Que dites vous du Fespaco 2003 ?
Une édition manifestement réussie. L’équipe d’organisation a tenu à se reprendre par rapport aux deux précédentes éditions. On a connu une fabuleuse ambiance de convivialité. La programmation était faite de très beaux films, des films très abouties à l’instar de  » Heremakono « , plein d’humanité et de beaucoup de grâce. Aussi les réalisateurs ont-ils été très attentifs les uns aux autres. Il s’est produit en quelque sorte un recommencement, une sorte de renaissance du Fespaco. Toutefois, j’en garde deux bémols
Lesquels ?
Le festival à cette édition a pris l’heureuse initiative de rendre hommage aux comédiens, mais durant tout le festival ceux-ci n’ont pas été vraiment mis en exergue. Certes, il y a eu des photos affichées un peu partout sur les murs mais les réalisateurs n’ont pas été suffisamment mêlés aux débats. Le dialogue entre acteurs et réalisateurs a été une chose escamotée. Les confrontations entre eux n’ont pas eu lieu.
D’un côté, il y a par exemple la polémique sur les réalisateurs, accusés de trop souvent jeter leur dévolu sur les amateurs, au motif que ceux-ci sont moins exigeants, et qu’ils en profitent pour leur faire jouer des scènes de violence avec des situations de danger sans prendre les précautions requises. De l’autre côté, il y a la polémique sur les acteurs, accusés d’être trop exigeants au point de prendre les réalisateurs au piège. Des fois, les acteurs prennent la grosse tête. Un acteur en plein tournage peut s’ arrêter de travailler.
Et le second bémol ?
L’accent n’est jamais mis sur les questions plus économiques. On va au Fespaco sans connaître réellement qui sont les acheteurs. On connaît bien les vendeurs puisqu’il y a le catalogue du MICA (Marché International de la Télévision et du Cinéma Africain), mais le dialogue ne prend pas encore entre les réalisateurs et les milieux économiques. On a généralement de place accordée aux bailleurs de fonds comme l’Union Européenne, l’Agence de la Francophonie etc, mais ce n’est pas complet tant qu’on accorde pas une place aux investisseurs privés africains. Autrement on réduit le Fespaco à une manifestation festive.

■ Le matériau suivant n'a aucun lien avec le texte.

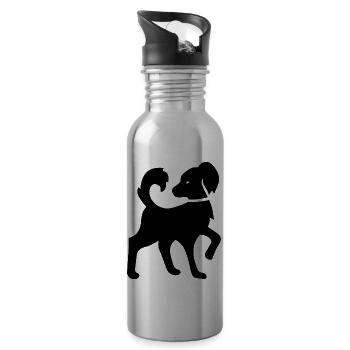 Dog dog - Water bottle with straw - silver - Right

Le secteur privé peut-il apporter une solution efficace à la distribution des films africains en salle ?
Oui. De toutes façons, c’est pratiquement la seule solution viable, même si je pense que certains lieux de culture subventionnés par l’Etat devraient inclure des salles de projection vidéo pour certains films, plus pointus. Mais, même dans la distribution privée, attirer le public vers des films africains est une question de marketing intelligent et original. Pour moi, c’est jouable.
Au sortir du Fespaco 2003, peut-on gager d’un cinéma africain véritablement compétitif ?
Il y a des films africains d’auteur, qui n’ont rien à envier aux autres. mais le cinéma populaire africain de qualité en est encore à ses débuts, malgré certains essais comme : « Les Couilles de l’éléphant » et « Madame Brouette », qu montrent la voie, mais ont encore quelques problèmes scénaristiques.